Unadjusted Estimates of ' directlyharmed ':
  Coef. estimate: 0.09732 
  Standard Error: 0.02326 
  t-value: 4.18445 

Sensitivity Statistics:
  Partial R2 of treatment with outcome: 0.02187 
  Robustness Value, q = 1 : 0.13878 
  Robustness Value, q = 1 alpha = 0.05 : 0.07626 

For more information, check summary.

The print method of sensemakr provides a quick review of the original (unadjusted) estimate along with three summary sensitivity statistics suited for routine reporting: the partial \(R^2\) of the treatment with the outcome, the robustness value (RV) required to reduce the estimate entirely to zero (i.e. \(q=1\)), and the RV beyond which the estimate would no longer be statistically distinguishable from zero at the 0.05 level (\(q=1\), \(\alpha=0.05\)).

# Latex and HTML results

ovb_minimal_reporting(darfur.sensitivity, format = "html")
Outcome: peacefactor
Treatment Est. S.E. t-value \(R^2_{Y \sim D |{\bf X}}\) \(RV_{q = 1}\) \(RV_{q = 1, \alpha = 0.05}\)
directlyharmed 0.097 0.023 4.184 2.2% 13.9% 7.6%
Note: df = 783; Bound ( 1x female ): \(R^2_{Y\sim Z| {\bf X}, D}\) = 12.5%, \(R^2_{D\sim Z| {\bf X} }\) = 0.9% 
#ovb_minimal_reporting(darfur.sensitivity, format = "html")
# summary(darfur.sensitivity) #Verbose summary

These three sensitivity statistics provide a minimal reporting for sensitivity analysis. More precisely:

  • The robustness value for bringing the point estimate of directlyharmed exactly to zero (\(RV_{q=1}\)) is 13.9% . This means that unobserved confounders that explain 13.9% of the residual variance both of the treatment and of the outcome are sufficiently strong to explain away all the observed effect. On the other hand, unobserved confounders that do not explain at least 13.9% of the residual variance both of the treatment and of the outcome are not sufficiently strong to do so.
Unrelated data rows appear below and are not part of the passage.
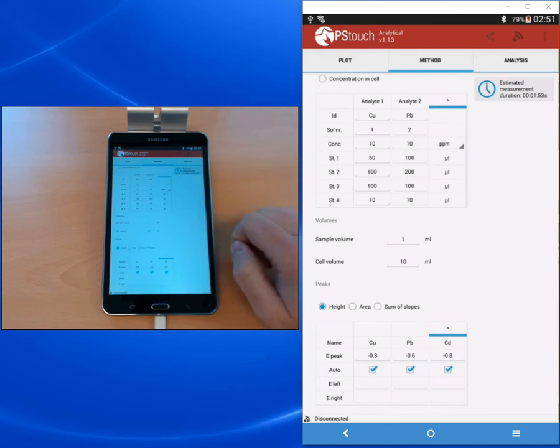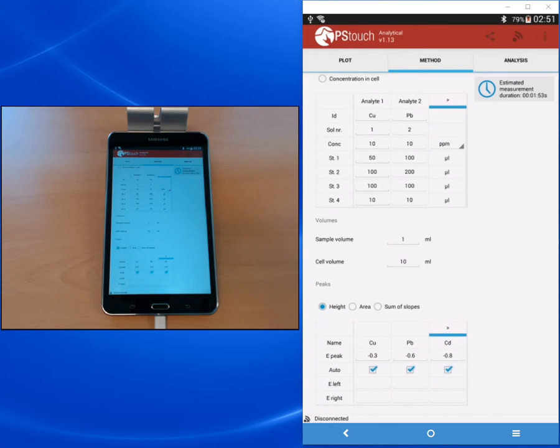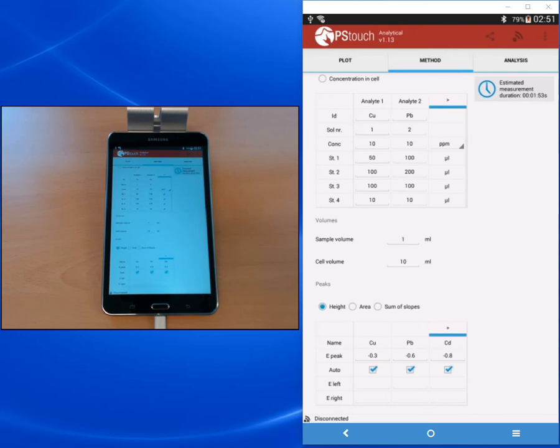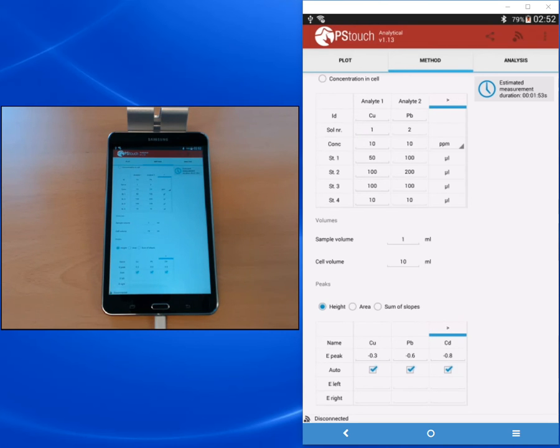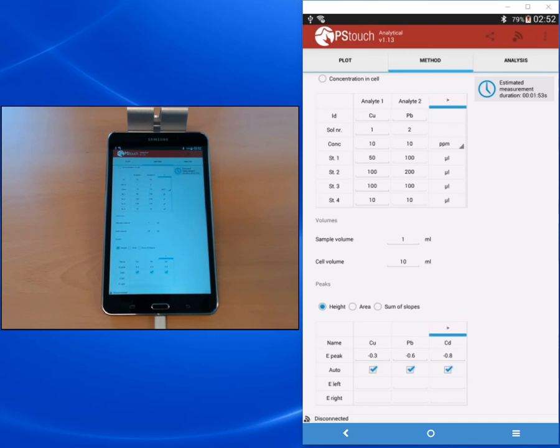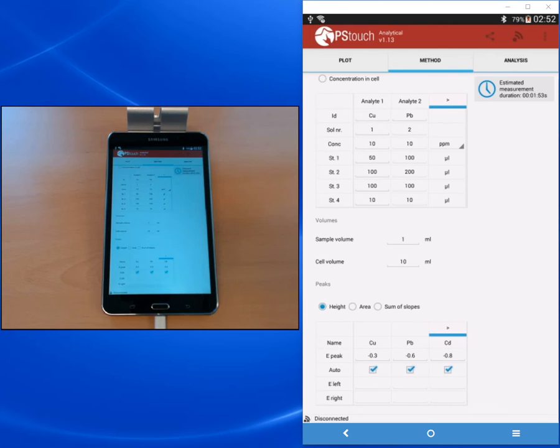Below the table for the added volumes we find the general volumes section. There you can enter the sample volume, which is the volume of sample that you've added to your cell, and then the cell volume, which is the final volume of the cell after maybe diluting your sample. If you haven't diluted your sample, then both values will be the same. But in this case our sample volume was 10 and then it was filled up to 10 milliliters in total. That means there's a dilution factor of 10.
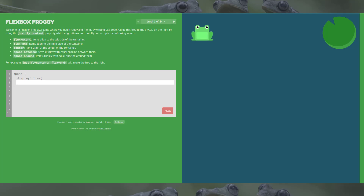Welcome to Flexbox Froggy, a game where you help Froggy and his friends by writing CSS code. Level 1 says: guide this frog to the lily pad on the right using the justify-content property, which aligns items horizontally and accepts the following values.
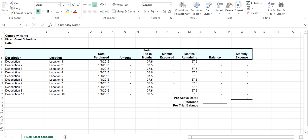The fixed asset schedule has one tab. You enter the information for each item: description, location, date purchased, amount, and useful life in months.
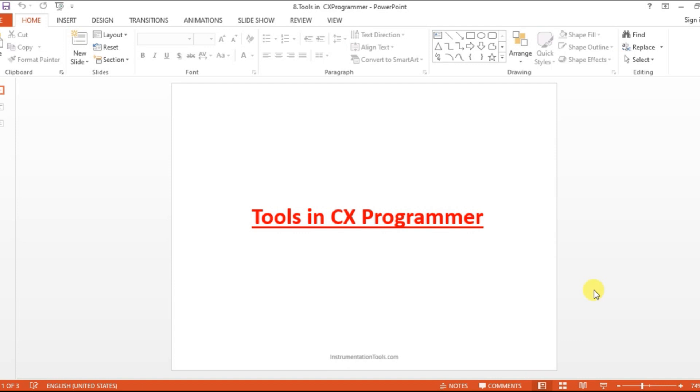Hello everyone, welcome to Automation Community. Today in this session we are going to see what are the tools and options in CX Programmer software. Before entering into the topic, please like and subscribe to our YouTube channel to get more updates about the course.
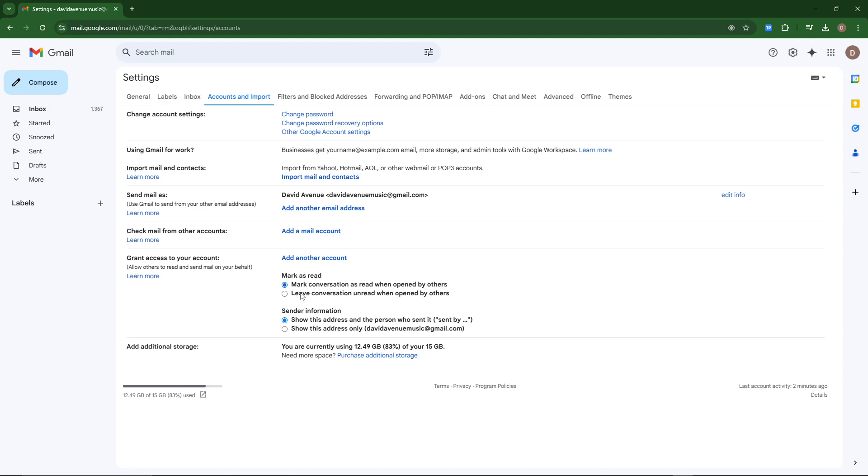So if any of these settings are changed, then you're going to want to update those. That's all there is to it. You have successfully updated your default settings in Gmail. If you found this video helpful, don't forget to like and subscribe for more helpful tips.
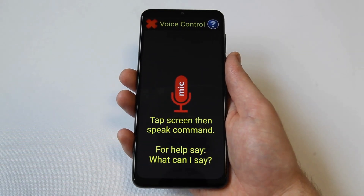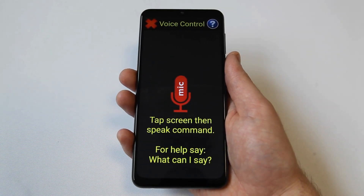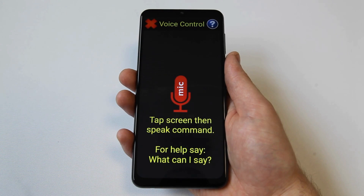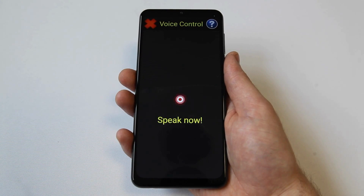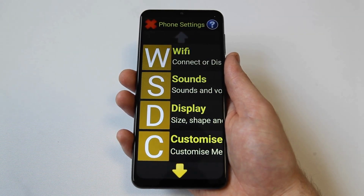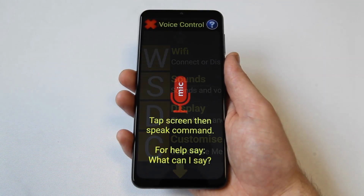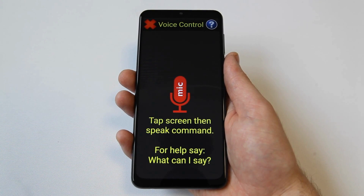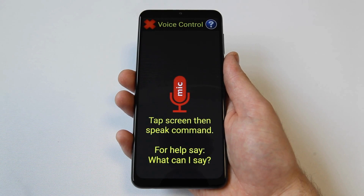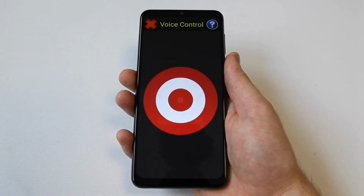Secondly, voice control can be used to navigate Synaptic and other applications on the device. Simply speak any main menu option, such as settings, and the voice control feature will launch this option. Additionally, you can launch any downloaded application by saying the name of the application. For example, you could say iPlayer, YouTube, or WhatsApp to launch these applications.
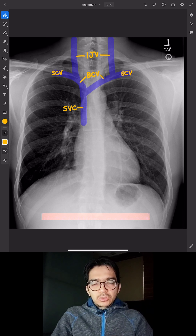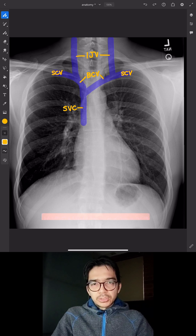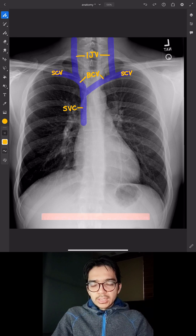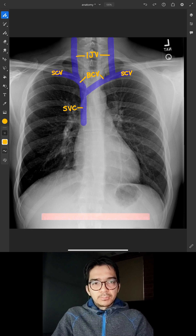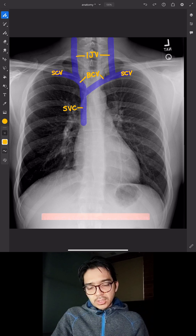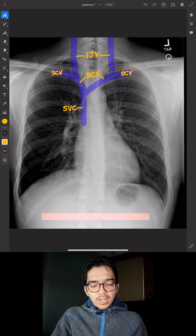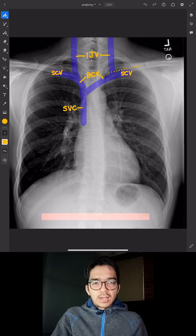When a patient gets a new central line, I generally dictate the side and the vessel that's accessed in order to identify that central line. So I might say there's a new right IJ central line with a tip in the lower SVC. The first important landmark is the clavicles, and notice that the subclavian veins lie just beneath the clavicles.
  • The robustness value for testing the null hypothesis that the coefficient of directlyharmed is zero \((RV_{q =1, \alpha = 0.05})\) falls to 7.6%. This means that unobserved confounders that explain 7.6% of the residual variance both of the treatment and of the outcome are sufficiently strong to bring the lower bound of the confidence interval to zero (at the chosen significance level of 5%). On the other hand, unobserved confounders that do not explain at least 7.6% of the residual variance both of the treatment and of the outcome are not sufficiently strong to do so.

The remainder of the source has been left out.